┏━━
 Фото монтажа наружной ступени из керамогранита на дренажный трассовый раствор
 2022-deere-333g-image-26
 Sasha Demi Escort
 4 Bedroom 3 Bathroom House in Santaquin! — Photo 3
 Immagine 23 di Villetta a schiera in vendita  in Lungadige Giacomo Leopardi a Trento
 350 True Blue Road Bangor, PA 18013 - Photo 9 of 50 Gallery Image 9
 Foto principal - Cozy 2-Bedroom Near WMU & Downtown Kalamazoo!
┗━━
┏━━
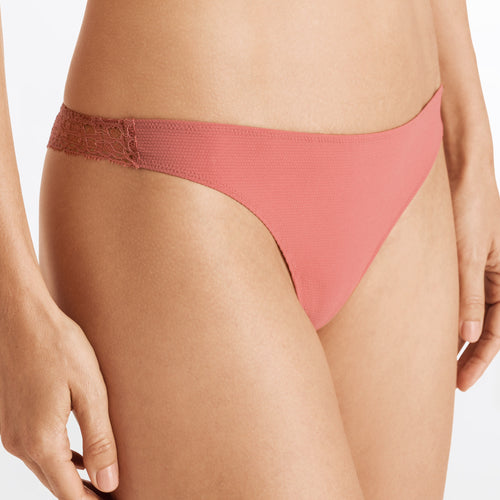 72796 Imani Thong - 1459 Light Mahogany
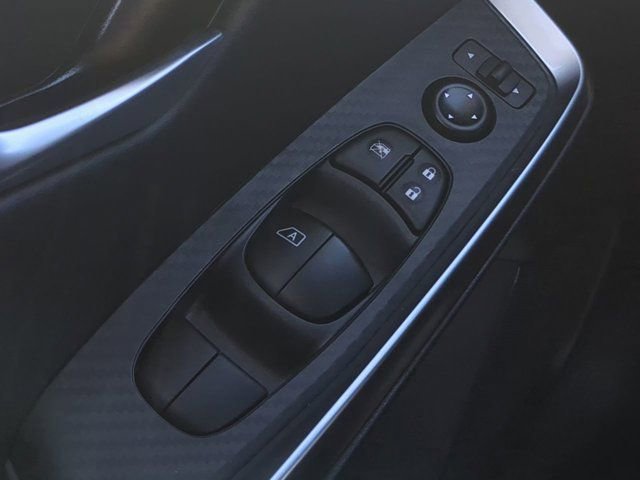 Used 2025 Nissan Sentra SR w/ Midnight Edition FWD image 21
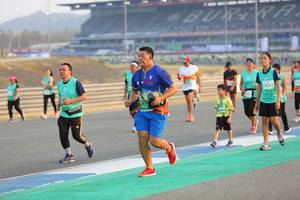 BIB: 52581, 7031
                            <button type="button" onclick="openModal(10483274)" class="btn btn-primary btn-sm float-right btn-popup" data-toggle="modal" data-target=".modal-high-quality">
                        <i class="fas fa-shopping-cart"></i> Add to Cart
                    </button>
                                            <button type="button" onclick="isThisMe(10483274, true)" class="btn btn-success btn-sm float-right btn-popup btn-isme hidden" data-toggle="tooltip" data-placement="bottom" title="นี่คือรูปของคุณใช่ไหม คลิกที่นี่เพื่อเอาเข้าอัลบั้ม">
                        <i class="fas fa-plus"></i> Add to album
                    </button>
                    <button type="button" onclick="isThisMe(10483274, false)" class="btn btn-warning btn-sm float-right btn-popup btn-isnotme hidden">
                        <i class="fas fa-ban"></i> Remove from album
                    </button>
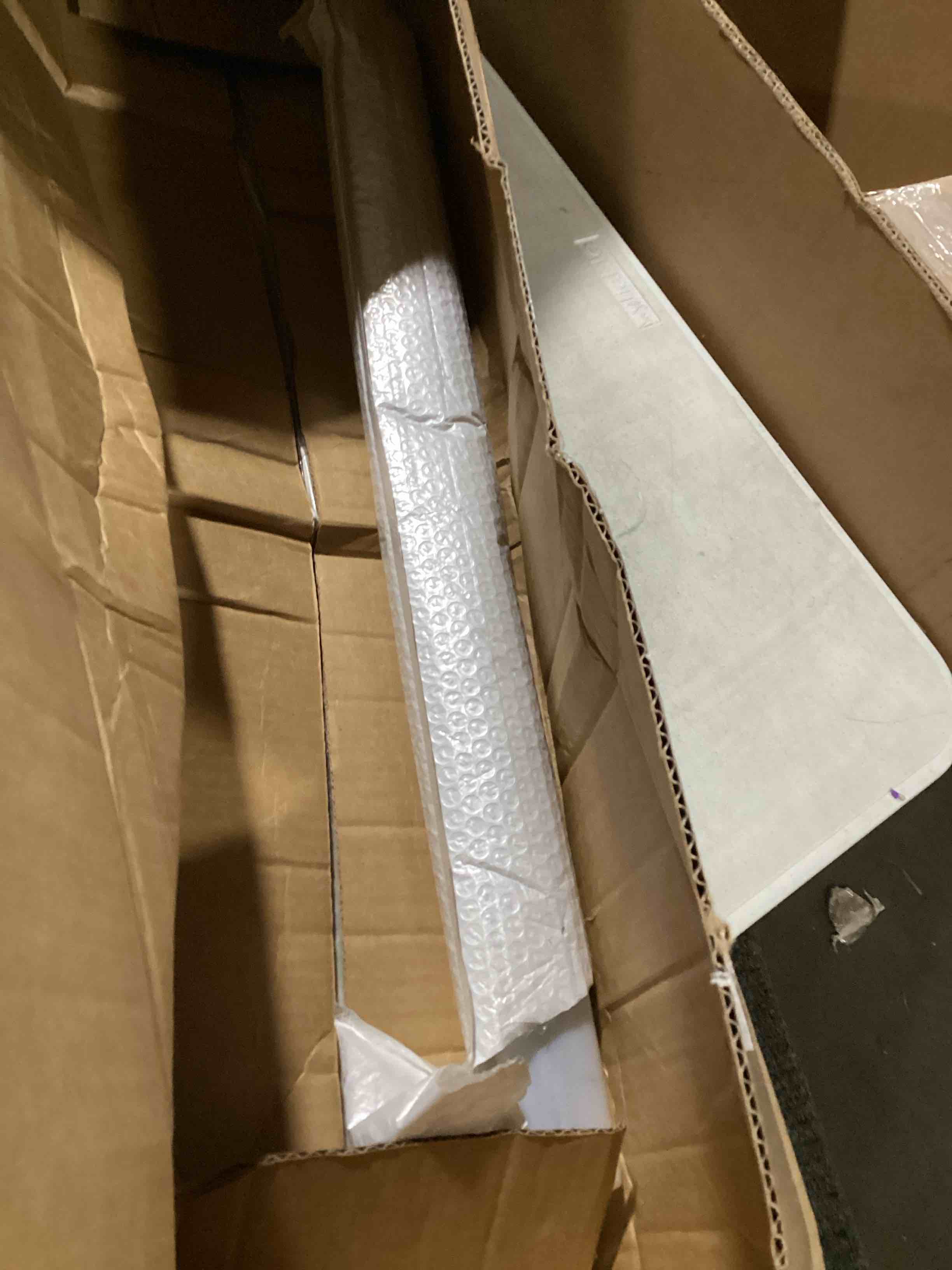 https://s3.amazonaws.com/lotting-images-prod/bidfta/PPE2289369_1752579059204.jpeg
┗━━
● What you have to do: The range runs from the line above containing "Фото монтажа наружной" to the line containing "Immagine 23 di", inclusive. Restate those lines word for word and no others.

● Your solution:
 Фото монтажа наружной ступени из керамогранита на дренажный трассовый раствор
 2022-deere-333g-image-26
 Sasha Demi Escort
 4 Bedroom 3 Bathroom House in Santaquin! — Photo 3
 Immagine 23 di Villetta a schiera in vendita  in Lungadige Giacomo Leopardi a Trento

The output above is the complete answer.